Will the ship crew see a concave surface water (using Newton's rotating bucket argument)?

## Best Answer

No, it won't.

In a bucket, the gravitational forces acting on each particle of the fluid are parallel (if the the bucket is small with respect to the Earth radius, which I think we can always assume). Without rotations, the fluid will form a plane surface inside the bucket (which is neither convex nor concave). This surface coincide with a surface of constant potential energy (given by the gravitational field of the Earth). In the presence of a centripetal force, the surface of constant potential energy is now a concave surface, due to the presence of a potential energy term given by the centripetal field.

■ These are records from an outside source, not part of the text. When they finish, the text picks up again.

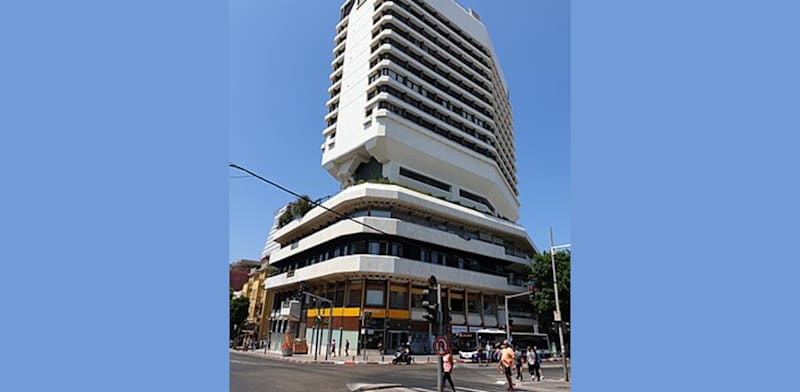 מלון לייטהאוס של רשת בראון בתל אביב / צילום: ויקיפדיה
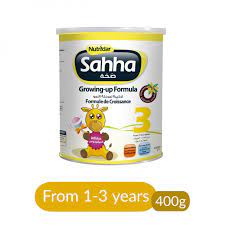 [7042] Sahha 3 Milk 400gm protect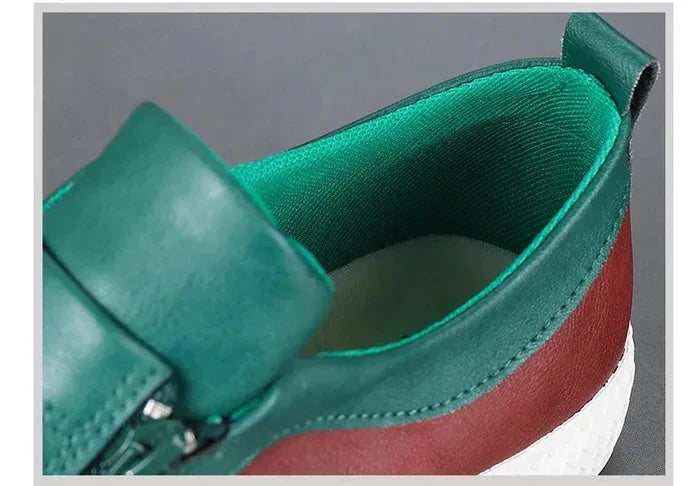 Watson Pierce Leather Sneaker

The gravitational forces acting on each particle of the ocean's water are not parallel (in fact the Earth is a sphere). The centripetal force due to Earth rotation will not make the ocean concave. The effect of centripetal forces in this case is the fact that the Earth radius is larger at the equator than at the poles. As a consequence of this, the shape of the Earth is that of an ellipsoid of revolution. To see this more clearly, one can calculate the potential energy of a point on the surface, considering the sum of gravitational acceleration and centripetal forces. The sea level coincide with a surface of constant potential energy.

Note that centripetal force do not only deform the shape of the waters from a perfect sphere to an ellipsoid, but they deform also the Earth crust.